◆ **Data to use**:
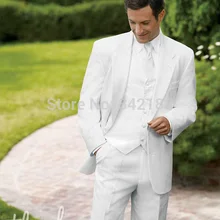 EMS! стиль белый свадебный смокинг костюм Свадебные Мужские костюмы(куртка+ брюки+ жилет+ галстук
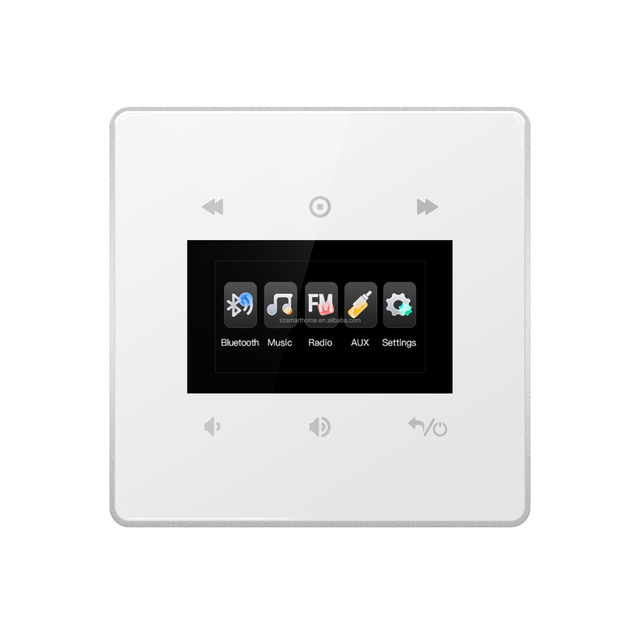 4-Inch Touch Screen Smart Amplifier Wall Mount Music Player & Ceiling Speakers Background Music Smart Home Device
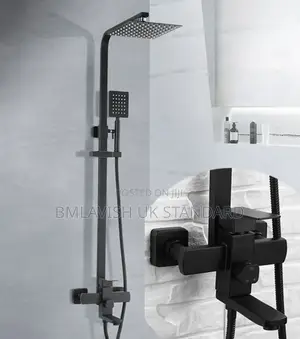 Black Square Standing Shower Set
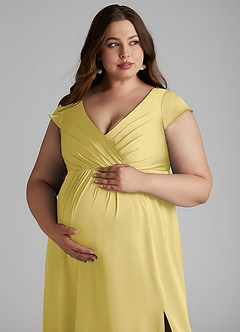 Azazie Allessia Maternity Bridesmaid Dresses A-Line Pleated Stretch Satin Floor-Length Dress image13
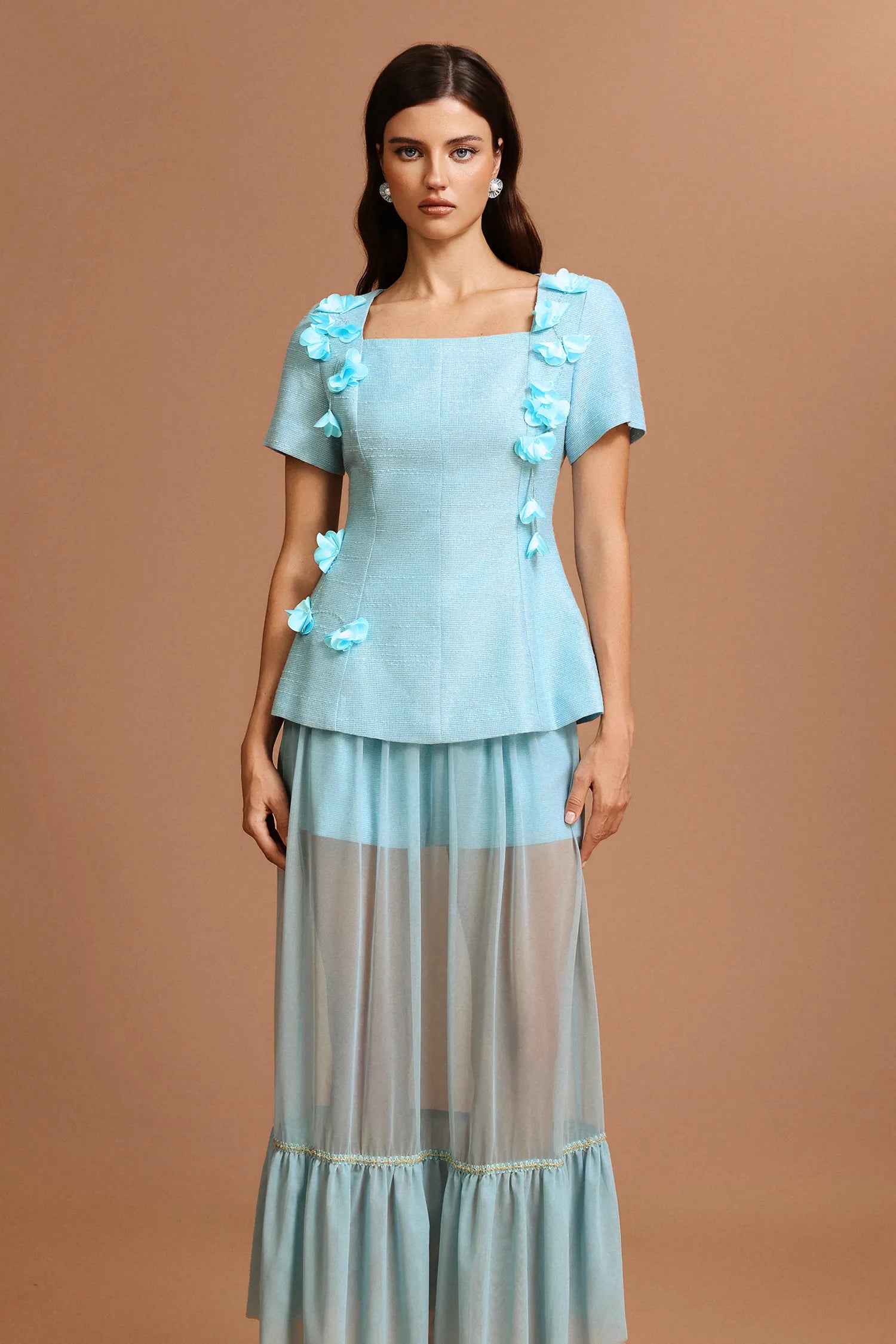 Blue Short Sleeves Flowers Folds Top and Skirt Two-Piece Set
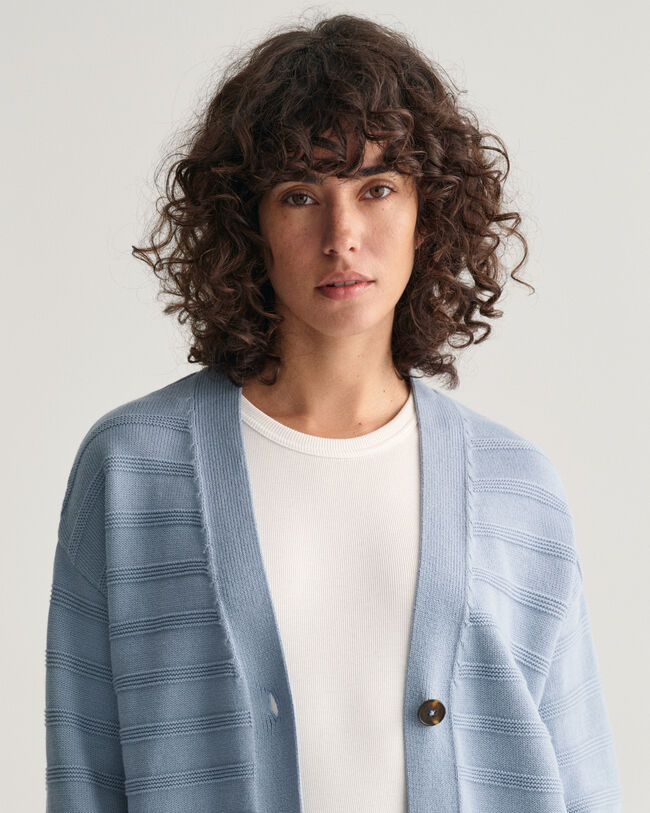 Casaco de malha em algodão às riscas Tonal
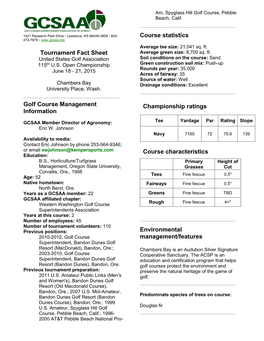 Tournament Fact Sheet Golf Course Management Information Course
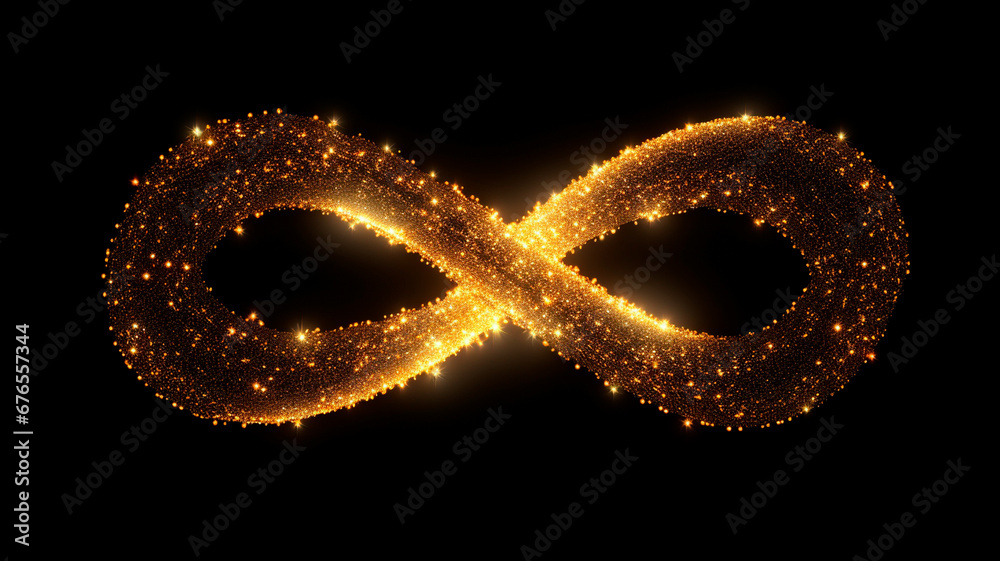 Infinity sign made of golden dots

◆ **Exercise directions**:
Write the material out again word for word and omit any images.

◆ **Worked solution**:
 EMS! стиль белый свадебный смокинг костюм Свадебные Мужские костюмы(куртка+ брюки+ жилет+ галстук
 4-Inch Touch Screen Smart Amplifier Wall Mount Music Player & Ceiling Speakers Background Music Smart Home Device
 Black Square Standing Shower Set
 Azazie Allessia Maternity Bridesmaid Dresses A-Line Pleated Stretch Satin Floor-Length Dress image13
 Blue Short Sleeves Flowers Folds Top and Skirt Two-Piece Set
 Casaco de malha em algodão às riscas Tonal
 Tournament Fact Sheet Golf Course Management Information Course
 Infinity sign made of golden dots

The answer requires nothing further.